Seven years earlier, Mayfly ran away from home to escape her immigrant parents’ upper middle-class expectations. She hopped trains, squatted in abandoned houses and let Ham “be her shadow” for a brief time. She responded to what lingered of his innocence; he was drawn to her rootlessness. Yet now, even she has made a home for herself. Through this journey from New Orleans to Alabama and then Atlanta, Ham begins to emerge as a free person, more than a body inhabited by a spirit or a person doomed by fate. “None but the Righteous” tracks this unusual awakening: recognizing self-worth and power through fragility, in the crucible of exodus.

He reawakens first to responsibility, returning to Alabama and Deborah only to leave again, seeking out Miss Pearl in New Orleans to see if it’s possible to find wholeness in its ruins. As the relic guides him, neither benevolent nor malign, Ham aches to be independent. The relic becomes a burden he must shed to move beyond his history. But to Ham, autonomy is an unknown country. His condition begs the question: What is freedom to those who have descended from enslaved people, and how do you even learn how to seize it?

Ham is bound by old gris-gris magic to New Orleans, Miss Pearl, bad habits and false realities. But we are all, in some ways, bound. Knowing which bonds to hold onto and which to abandon is a way of reckoning with the fact that, as the saint reflects, “we do not belong only to ourselves, that what loves us also seizes us.” Can Ham embrace the responsibility of fatherhood while also salvaging what remains of his home?

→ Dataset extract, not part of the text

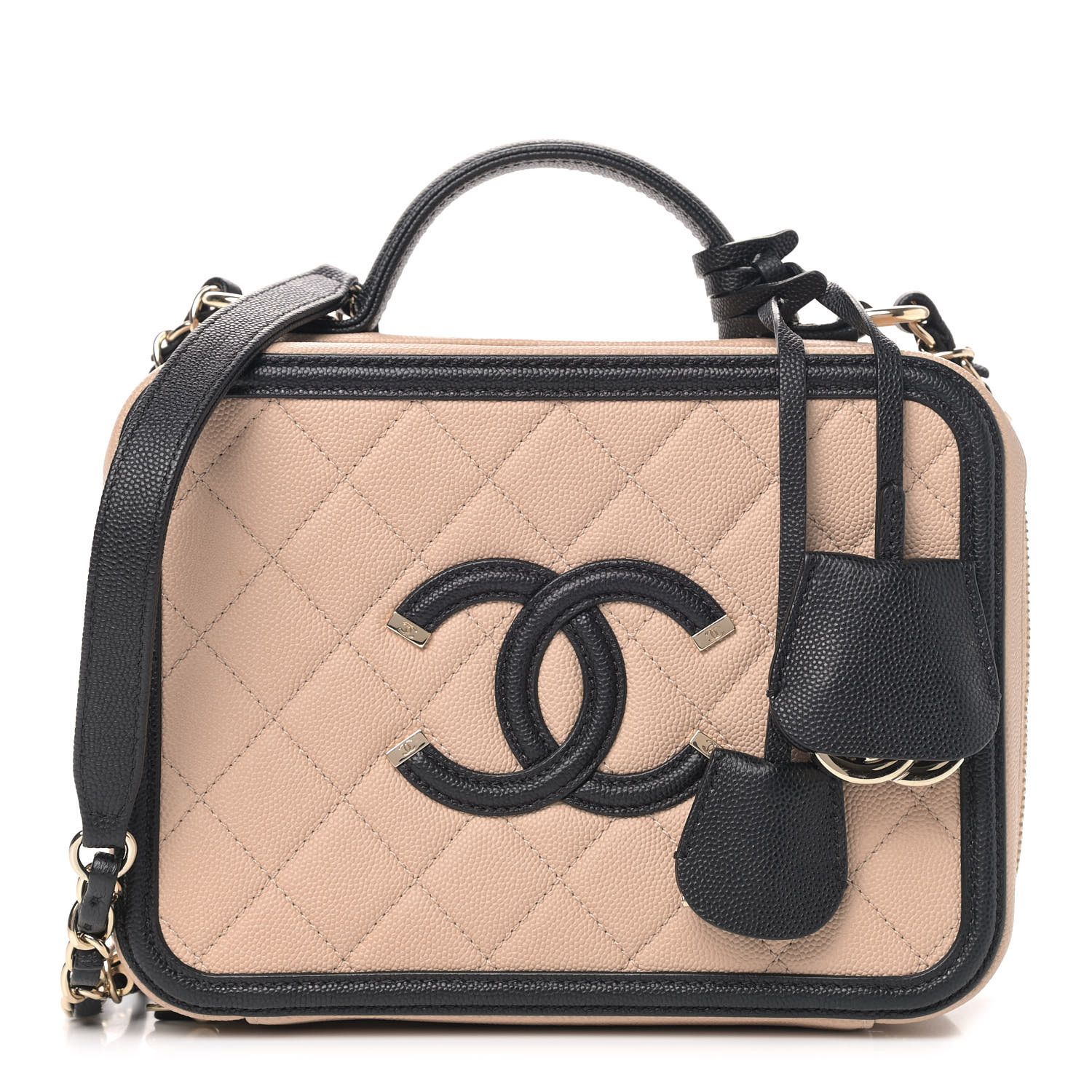 CHANEL

Caviar Quilted Medium CC Filigree Vanity Case Beige Black | Fashionphile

This is a book of faith aching to be claimed, of a land that dares to be redeemed, of souls searching to be free, of all spirits looking for a home. It’s a metaphysical book deeply rooted in ancient legacies of subjugation. Ham, in his struggle to find himself in the wake of the storm, begins to distinguish myth from reality, sloughing off dread to recover a righteous community he never thought possible. This is a deeply haunted novel that moves with calm and ruthless determination, like the eye of a hurricane.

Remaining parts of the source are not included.